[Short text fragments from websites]
- - - - - - -
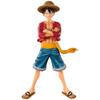 Figurines - Figurine De Collection Bandai Figuarts Zero One Piece, Monkey D. Luffy (2024)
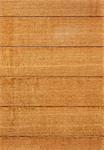 seamless texture of wooden planks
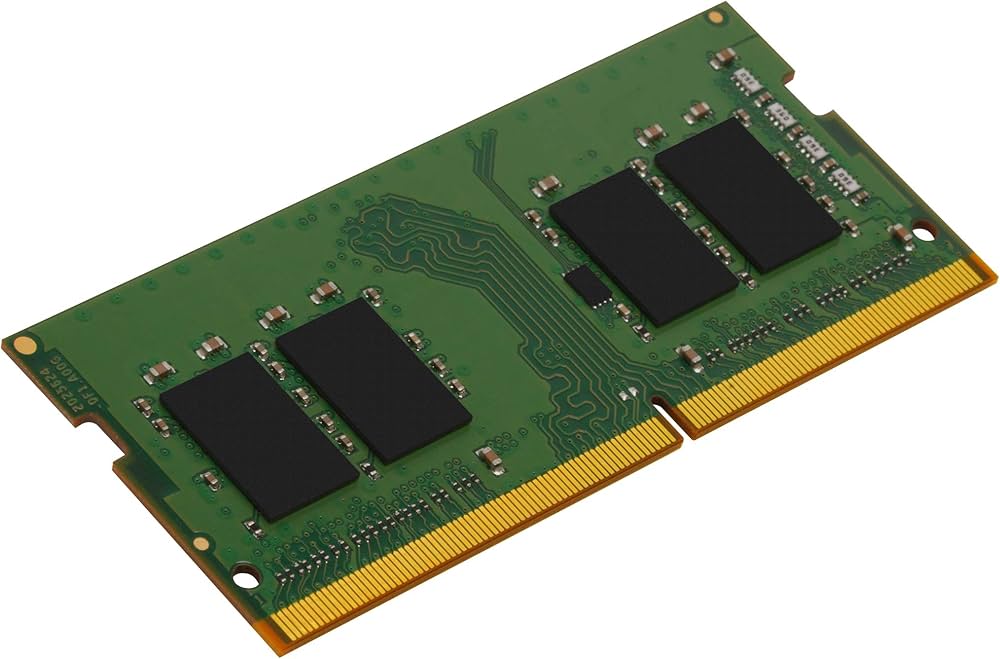 Amazon | キングストンテクノロジー Kingston ノートPC メモリ DDR3L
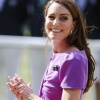 Kate-Middleton-153.jpg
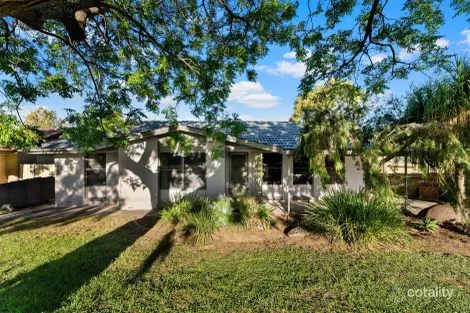 Property photo of 43 Flockhart Avenue Valley View SA 5093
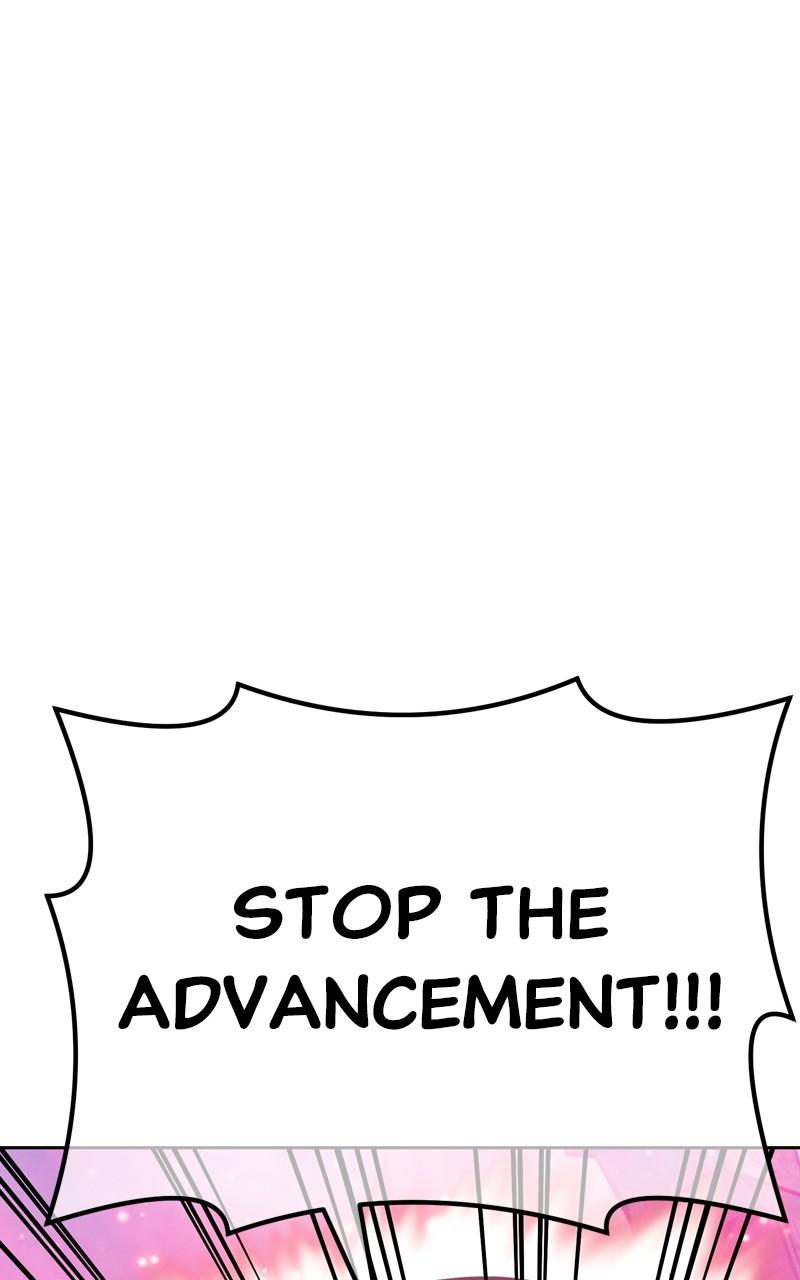 +99 Reinforced Wooden Stick Chap 79 - Next Chap 80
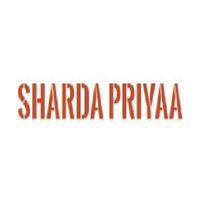shardaastro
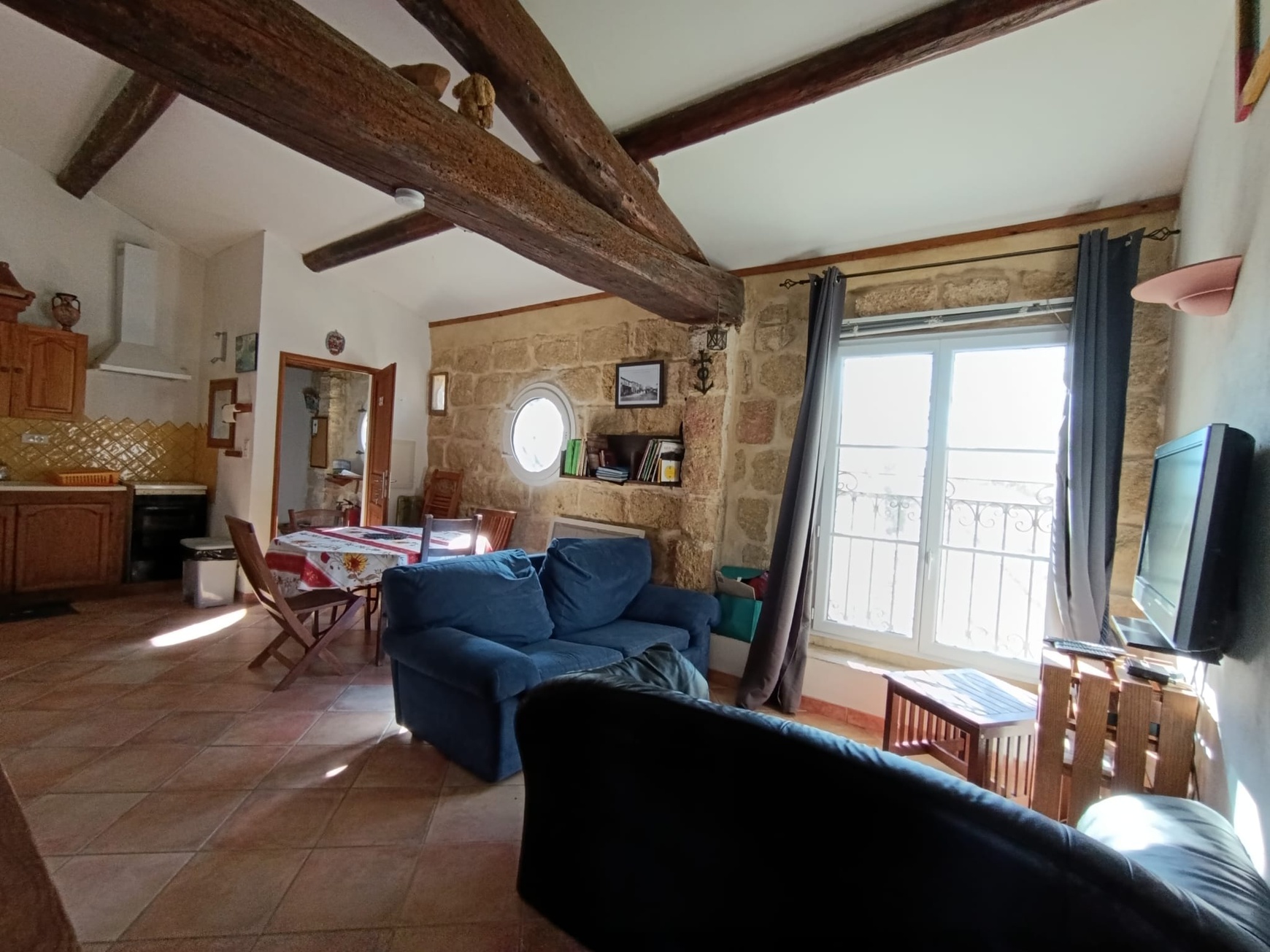 Achat immobilier Maison 15 pièces  342m2 à Vauvert (30600) - Photo n°15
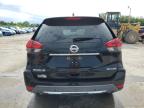 2019 Nissan Rogue S იყიდება Montgomery-ში, AL - Side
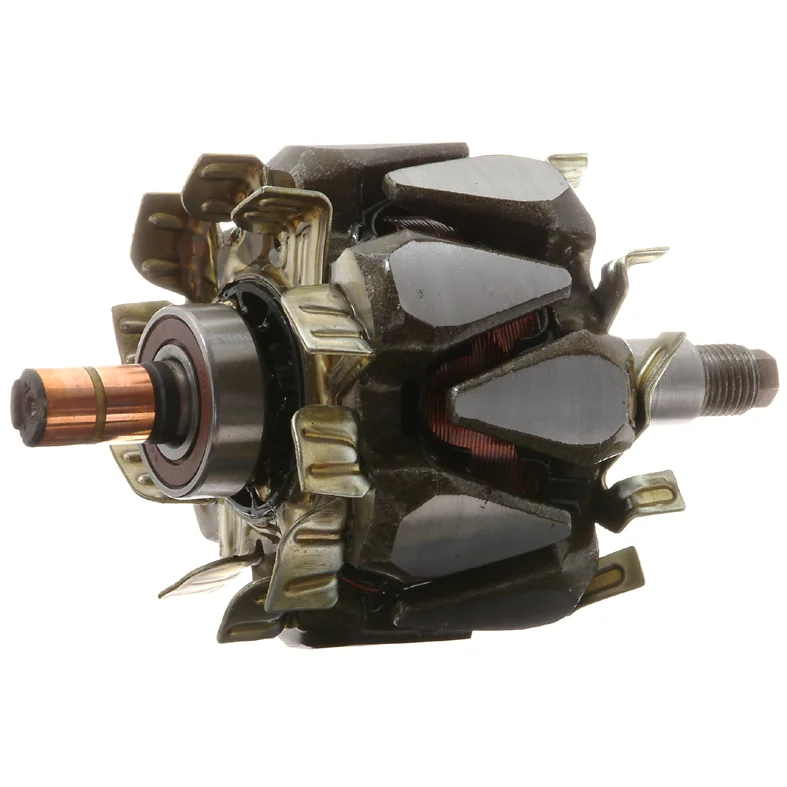 Rotor 12V-70/80A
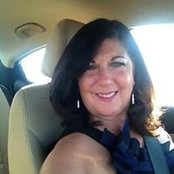 Leslie LaGuardia's photo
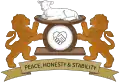 Blason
- - - - - - -
● Exercise brief: Omit the pictures and write out the lines above from the one with "Kate-Middleton-153.jpg" through the last, unchanged.

● Your solution:
 Kate-Middleton-153.jpg
 Property photo of 43 Flockhart Avenue Valley View SA 5093
 +99 Reinforced Wooden Stick Chap 79 - Next Chap 80
shardaastro
 Achat immobilier Maison 15 pièces  342m2 à Vauvert (30600) - Photo n°15
 2019 Nissan Rogue S იყიდება Montgomery-ში, AL - Side
 Rotor 12V-70/80A
 Leslie LaGuardia's photo
 Blason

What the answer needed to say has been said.